De todo este escandalito de los
tuits de Guillermo Zapata, lo que más me molesta es que las diversas izquierdas
sigan tan faltas de una moral propia que, a la primera, sigan comprando la
moral hipócrita y mojigata que la derecha impone siempre como verdad única. En
vez de tantas disculpas, he echado en falta más gente que defendiera el derecho
libre a pensar, según sea cada cual y según se sienta en ese momento, sea
limpio o sucio, mayoritario o bizarro; y a poder decir libremente lo que se
piensa, sin más condicionante que un cierto sentido de la oportunidad. Es
decir, temporal en todo caso. Una libertad de expresión de la que se rinda
cuentas, a posteriori, con severidad, en casos de injurias o calumnias
personales. Una libertad que no se mida sólo porque moleste a toda esa gente
que se enoja con cualquier idea que no coincida con las suyas.
En este
escenario mediático desigual, sólo he visto actitudes defensivas, poniendo
ejemplos de la impunidad con la que, esos mismos que se escandalizan, bromean y
nos hieren continuamente, mientras se mofan de las víctimas que no consideran
suyas. Entiendo que, como primer paso, hace falta esa denuncia. Que no es, como
en seguida han señalado los de la moral única, el “y tú más”, sino un “tú eres
un hipócrita”. Cuando lo que se denuncia es la hipocresía, por fuerza hay que
poner ejemplos de gente que defiende una cosa y hace lo contrario. Pero ha
faltado entrar en el asunto. El humor siempre –siempre- se burla de alguien. De
gente cruel, bondadosa, incapaz, corriente, distinta, hombre, mujer. Las situaciones
reales, cotidianas o no, llevadas a la exageración suelen hacernos reír,
precisamente por su ridiculez. Casi siempre el chiste se queda ahí, en una
descarga liberadora, en la sola risa. Pocas veces llevan a la reflexión sobre
por qué nos llegan a parecer ridículos comportamientos que vemos tan a menudo. Pocas
veces nos detenemos en ver la corriente vitalmente conservadora –es decir,
pesimista, desconfiada- sobre la que se sostienen muchos chistes y refranes. Algunos
nos parecen graciosos, otros aburridos. Desafortunados por fallidos, no porque
nos escandalicen. Porque el humor, como cualquier otra opinión, es subjetivo.

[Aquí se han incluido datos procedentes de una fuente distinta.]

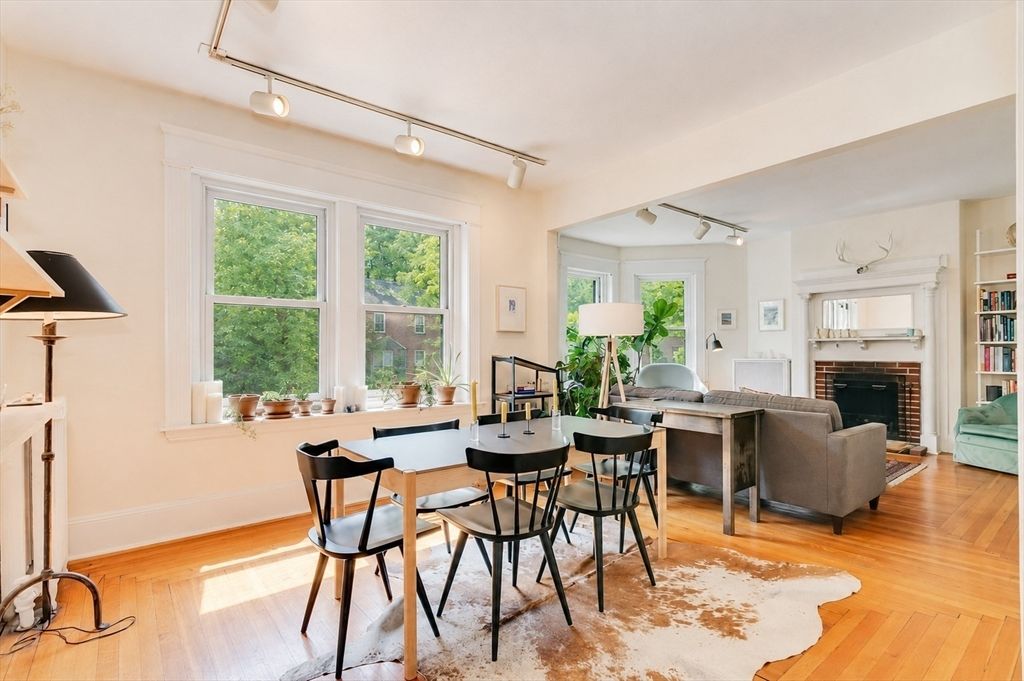 485 Washington St 3, Brookline, MA 02446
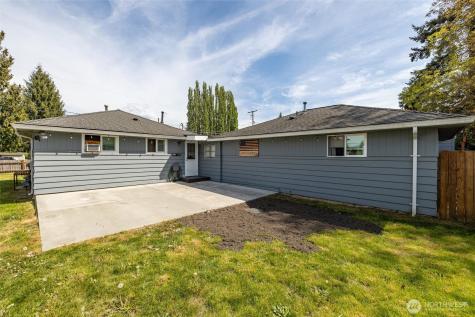 113 S Gardner Road Burlington WA 98233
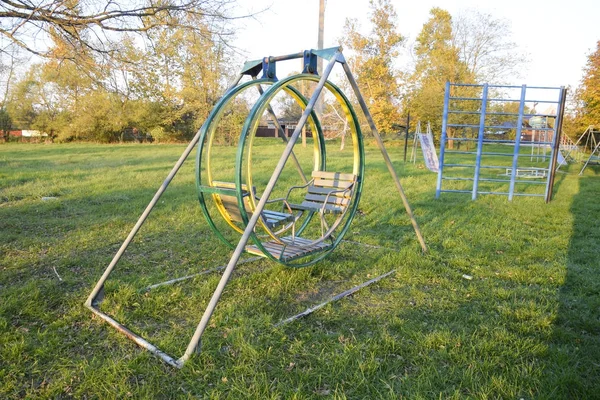 Swing Sul Parco Giochi Parco Giochi Bambini Altalene Scivolo Scivolare — Foto Stock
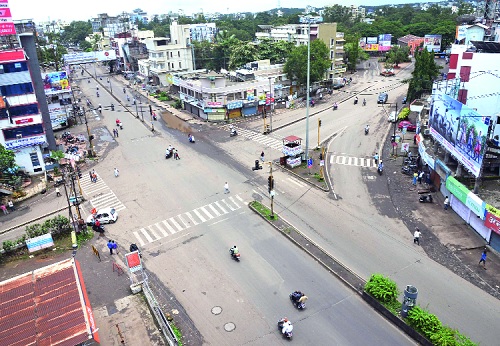 Kolhapur is closed on Kadadit road near Maratha road: There is no retreat now without getting reservation; Saffron wave | कोल्हापूर कडकडीत बंद अवघा मराठा रस्त्यावर : आरक्षण घेतल्याशिवाय आता माघार नाही; भगव्याची लाट Kolhapur is closed on Kadadit road near Maratha road: There is no retreat now without getting reservation; Saffron wave | कोल्हापूर कडकडीत बंद अवघा मराठा रस्त्यावर : आरक्षण घेतल्याशिवाय आता माघार नाही; भगव्याची लाट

Te gusta o no te gusta. Y, naturalmente, empieza por uno mismo.
El humor, en
tanto que exageración elaborada, es creación. No es la realidad sino una fábula
de la realidad. Y ya cansa empezar con esa obviedad. No es lo mismo contar
chistes antisemitas que homenajear a quienes combatieron con los nazis contra
los judíos. No es lo mismo entender la sicología de un asesino para escribir
una novela que ser un asesino. No es lo mismo gustarte los documentales de
guerra que querer participar en una. Si se me permite descender al nivel
escolar, con estos ejemplos, para señalar a los que encienden esta hoguera. Siempre
ha habido inquisidores, dueños de la supremacía moral, sus únicos intérpretes.
Quienes deciden qué es lo intolerable. La moral imperante nos establece los
límites de lo que es admisible. Un chiste de judíos, no lo es; pero hay manga
ancha para ridiculizar a los catalanes. Un chiste de musulmanes es libertad de
expresión; uno de torturas puede acabar en delito de injurias. Góngora escribió
pornografía, Quevedo tiene poemas machistas y antisemitas, Cervantes le escribió
al hampa sevillana de valentones y rameras, Moratín se rindió en odas a las
putas, Lorca llamó jorobados a los guardias civiles en un poema, Rafael Azcona
se burló del sacrosanto oficio de verdugo en España. Ninguno de ellos, tan
incorrectos, les serviría para concejal de Cultura.